> PROVIDED MATERIAL
Content starts

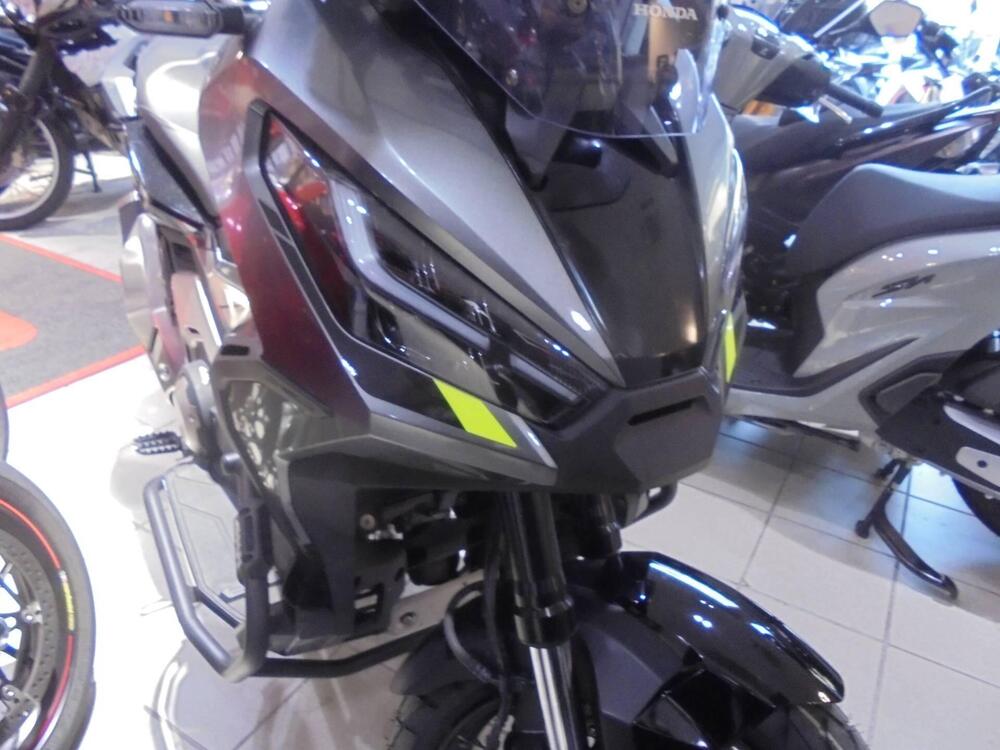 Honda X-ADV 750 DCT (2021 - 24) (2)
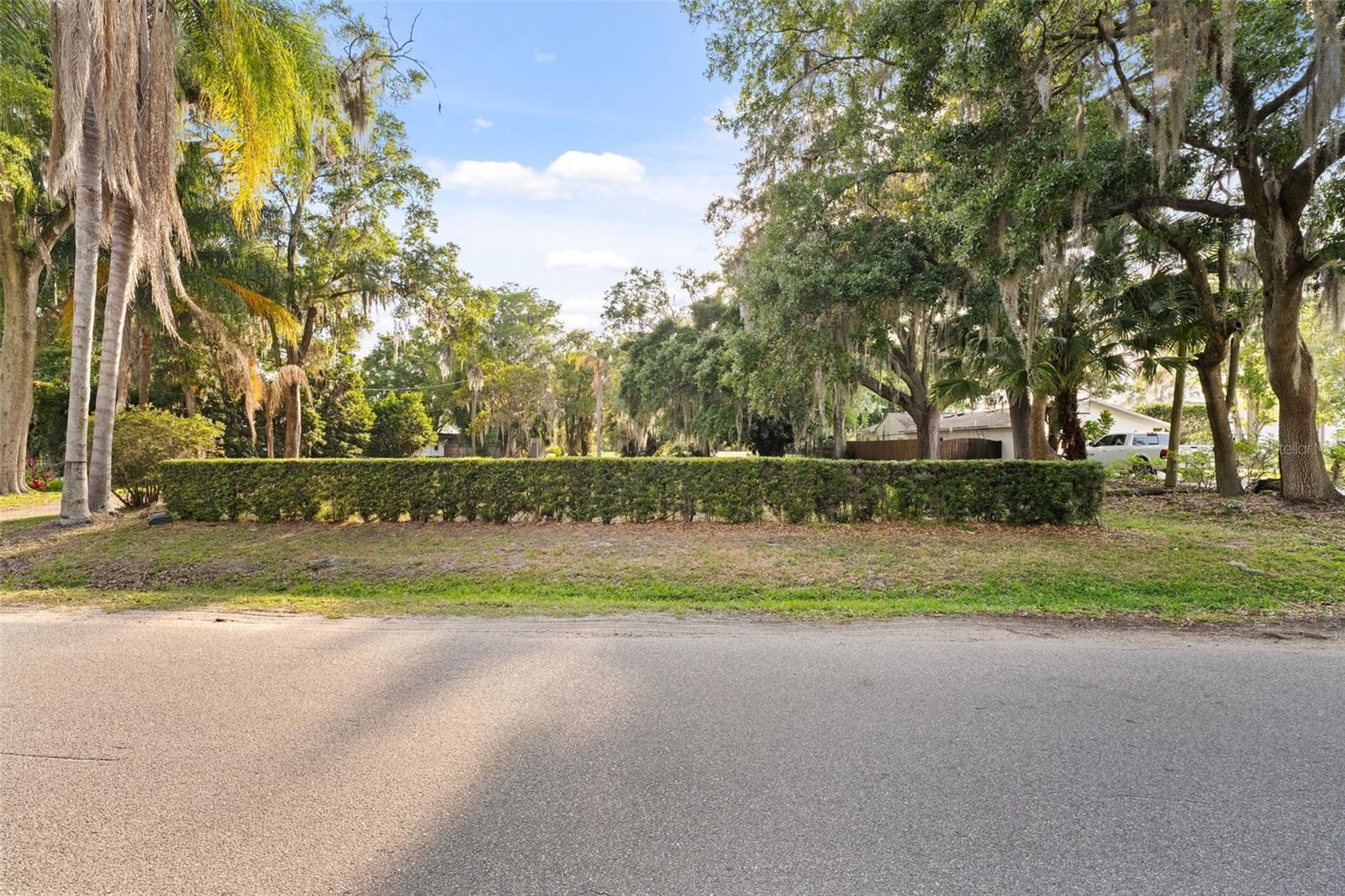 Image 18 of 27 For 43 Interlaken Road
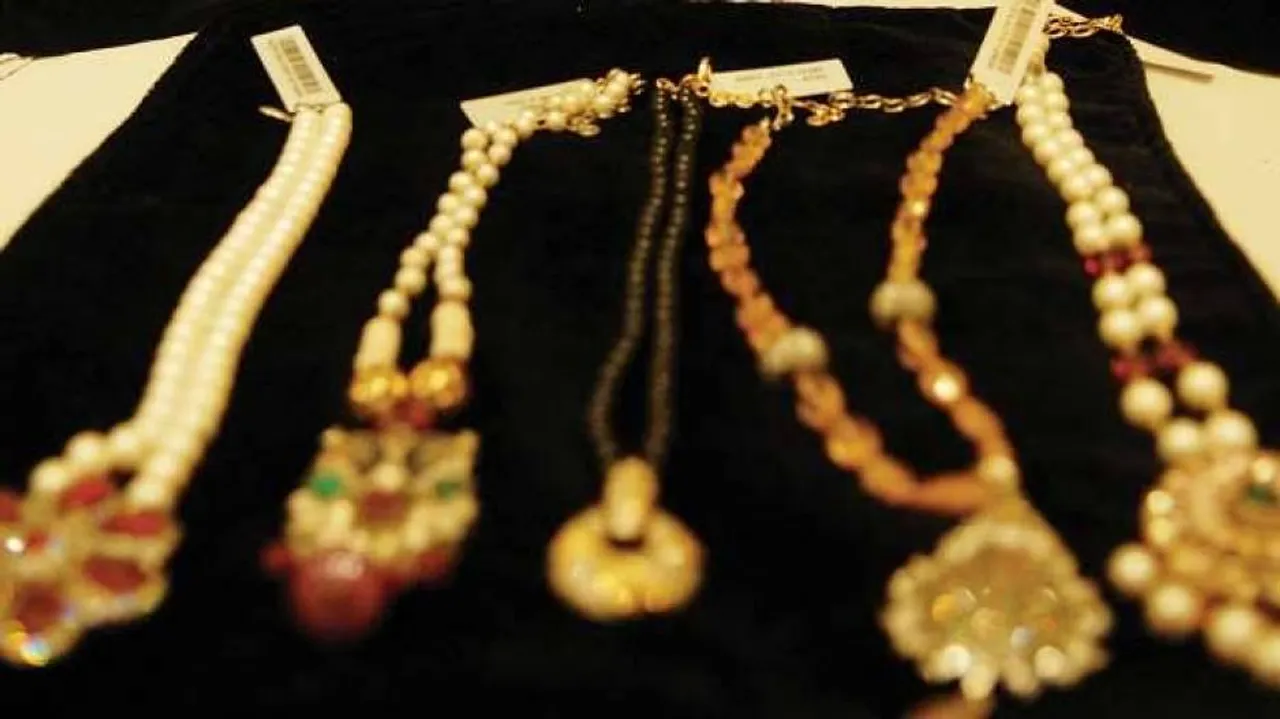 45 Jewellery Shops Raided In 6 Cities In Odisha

Content ends

> WORK ORDER
The whole listing above needs to be copied exactly; please keep the pictures out.

> EXPECTED ANSWER
 Honda X-ADV 750 DCT (2021 - 24) (2)
 Image 18 of 27 For 43 Interlaken Road
 45 Jewellery Shops Raided In 6 Cities In Odisha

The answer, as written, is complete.